Едва ли Николай II помнил в лицо сына почившего в Бозе коменданта Кремля; мало ли в его громадной свите во время коронации мелькало молодых и старых, бритых и бородатых, усатых и безусых, умных и глупых лиц. Голову в сие время следует держать высоко, чтобы замечать где-то там, внизу, своих подданных. Право, и при невысоком росте новоявленного царя все движущееся у его ног казалось слишком мелким, недостойным внимания. Если и отягощало что мысль, так одно: «Не споткнуться б да не грохнуться на виду у всех…» Плохая примета, истинно плохая.
Телеграмма, разумеется, пришла не за подписью «Хозяина земли русской», как значилось в соответствующей графе при переписи населения. Довольно и министра внутренних дел.
Но даже и при такой важности государевых дел самого камергера не сразу сыскали. У него были дела поважнее – семейные, личные…
Тяжело заболела старшая дочь, Мария – Матя, которая к тому времени была уже, собственно, на выданье – семнадцатый годик. Вернее, заболела-то она еще зимой, а еще вернее – и раньше признаки болезни замечались: и в прошлом, и в позапрошлом году ездили в Кенигсберг и Берлин – советоваться с медицинскими светилами. Из Колноберже было ближе до Берлина, чем до Петербурга, а Кенигсберг уж совсем рядом. Но что-то приключилось особое, раз так занервничала Ольга? Нельзя нервировать жену; она еще не сдержала свое обещание – к пяти дочкам подарить и сынка в придачу.

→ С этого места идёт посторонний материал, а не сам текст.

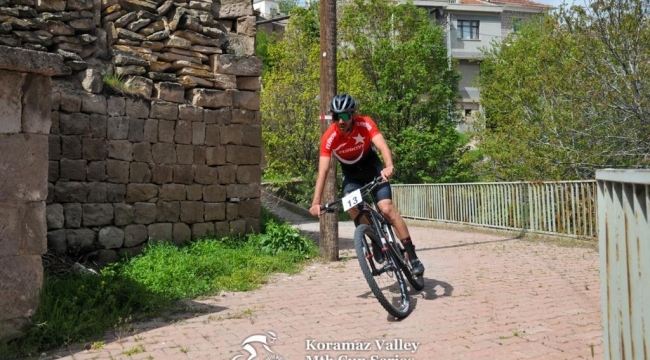 Pedallar Anadolu'nun zirvesinde dönecek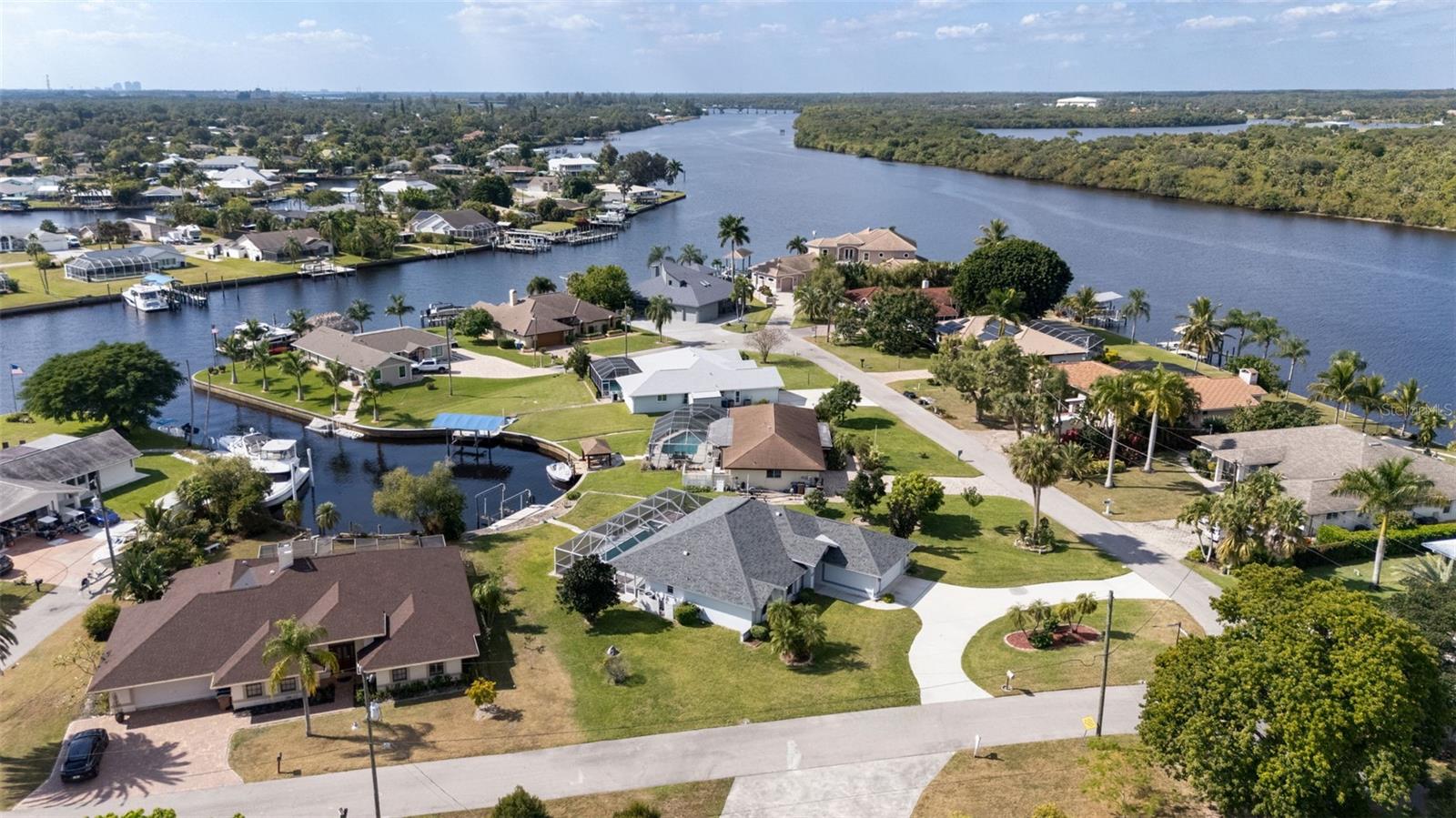 RIVER FOREST ISLAND - Residential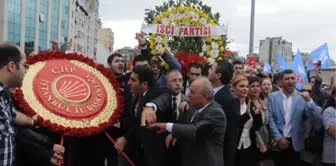 Taksim'de Çelenk Gerginliği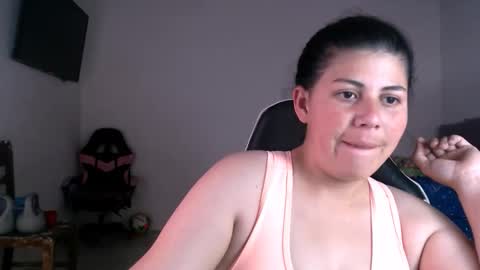 Snapshot of erotic_katia chatting on 20, 4, 2026 Sara online show from 20, 4, 2026
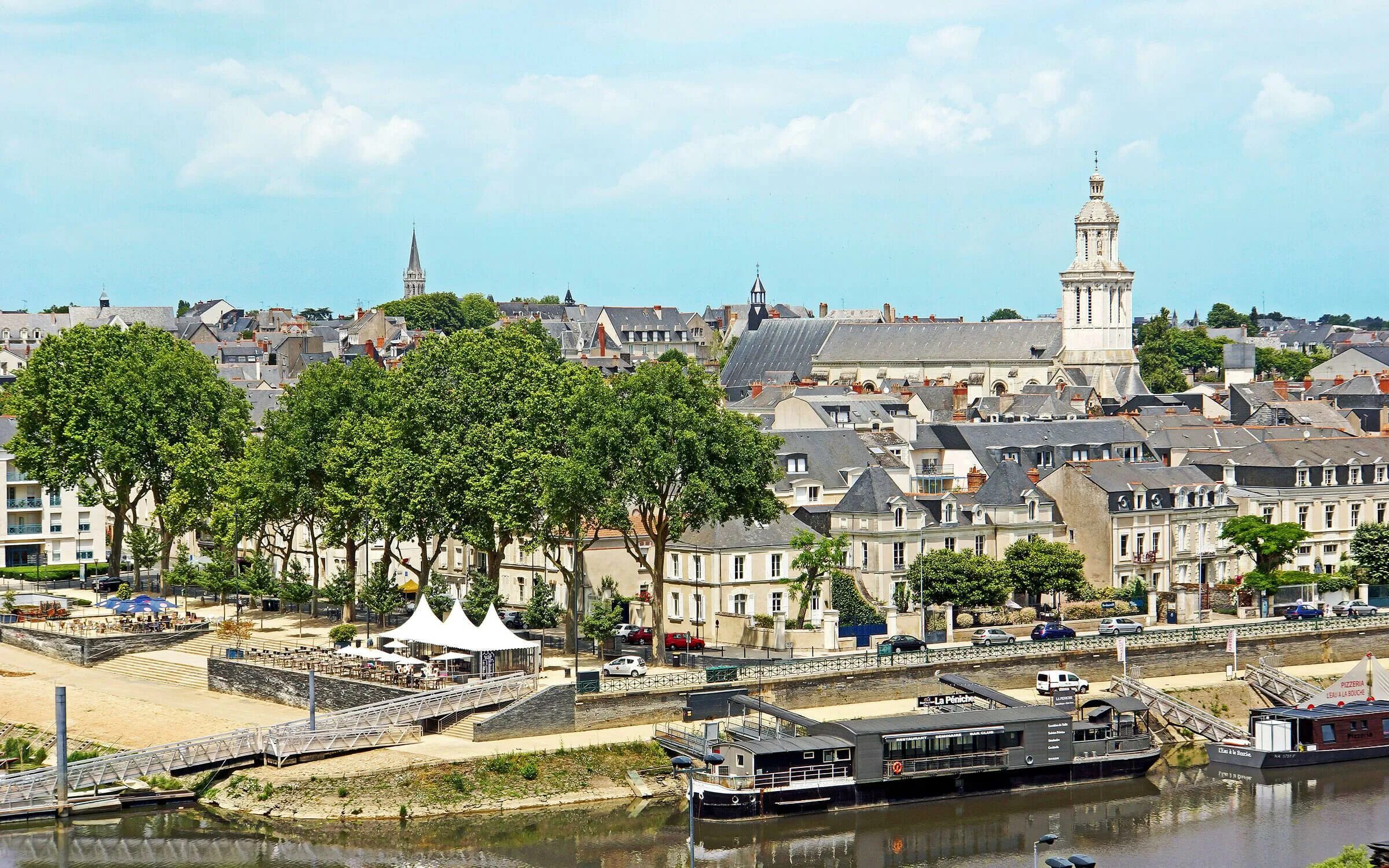 Анже. Angers Франция. Город Анжер Франция. Анже Франция город. Вокзал города Анже Франция.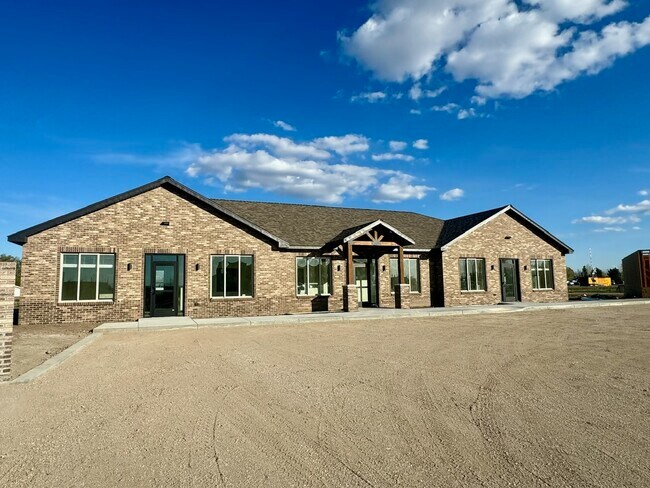 Plus de détails pour 112 Sugar Avenue, Sugar City, ID - Bureau/Commerce de détail à louer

Так что на этот раз собрались всей семьей, прихватив даже пятилетнюю Ару. Куча дочек, да сами супруги, да сопровождающие служки и нянюшки – ого какая русская помещичья кавалькада собралась! Может, болезнь Мати явилась всего лишь в воображении матери; может, «переходный возраст», как стали именовать хворобы созревающих девочек, но все равно: у предводителя ковенского дворянства была уйма свободного времени, а майский вояж в чужие земли и сам по себе был целителен. Значит, в путь!
На Берлин из северных столиц уже с 1871 года пылили через Минск и Варшаву – но там, говорили, шпалы были несмоленые, приморская дорога на запад раньше прошла. Кенигсберг лежал на задворках другого литовского поместья камергера. И в обычной жизни он ездил туда через прусские земли – как указывали железные рельсы. Вот и сейчас, в середине мая, чуть ли не целым вагоном пустились мимо своего второго поместья на Кенигсберг и далее на Берлин, желая провести лето там, где все порядочные люди проводили его – в Бад-Эльстере. На водах. Как искать жениха для подраставшей невесты, если она не попила живительной баденской водицы?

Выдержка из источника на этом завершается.